> _The input_:
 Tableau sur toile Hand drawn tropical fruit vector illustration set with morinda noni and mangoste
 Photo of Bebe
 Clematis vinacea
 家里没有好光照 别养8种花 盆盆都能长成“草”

---

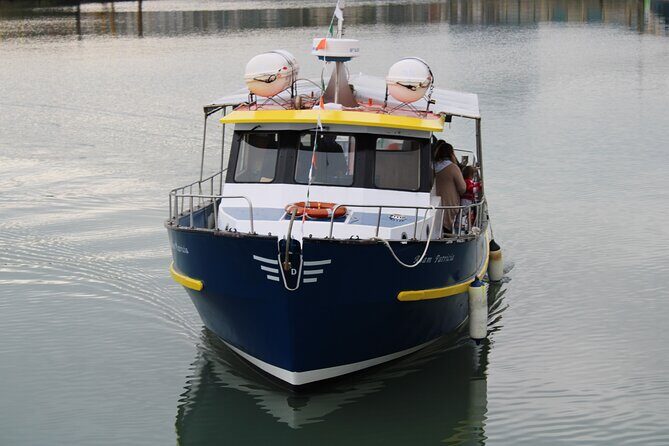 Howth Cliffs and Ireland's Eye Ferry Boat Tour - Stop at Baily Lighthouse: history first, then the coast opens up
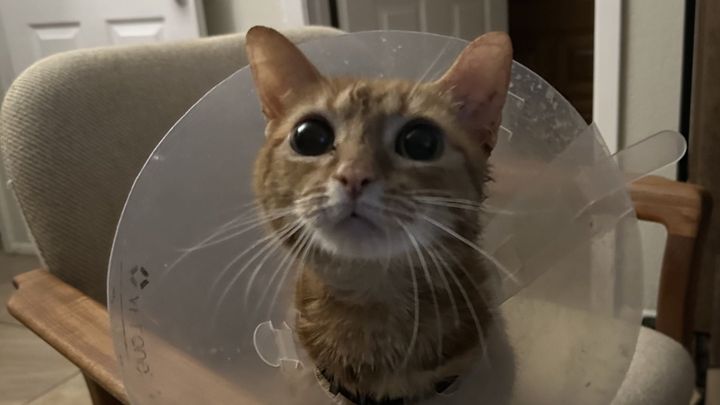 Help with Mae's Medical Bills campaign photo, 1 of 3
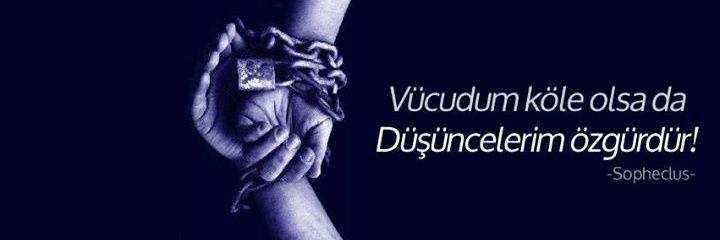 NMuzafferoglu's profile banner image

---

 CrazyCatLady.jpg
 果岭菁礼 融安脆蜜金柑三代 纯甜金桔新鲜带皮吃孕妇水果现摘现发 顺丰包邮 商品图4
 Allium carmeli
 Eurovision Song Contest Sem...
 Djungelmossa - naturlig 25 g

> _Task description_:
Could you write out, exactly as they stand, only the lines above that begin at the line with "果岭菁礼 融安脆蜜金柑三代 纯甜金桔新鲜带皮吃孕妇水果现摘现发 顺丰包邮 商品图4" and stop after the line with "Djungelmossa - naturlig 25 g"?

> _Exercise answer_:
 果岭菁礼 融安脆蜜金柑三代 纯甜金桔新鲜带皮吃孕妇水果现摘现发 顺丰包邮 商品图4
 Allium carmeli
 Eurovision Song Contest Sem...
 Djungelmossa - naturlig 25 g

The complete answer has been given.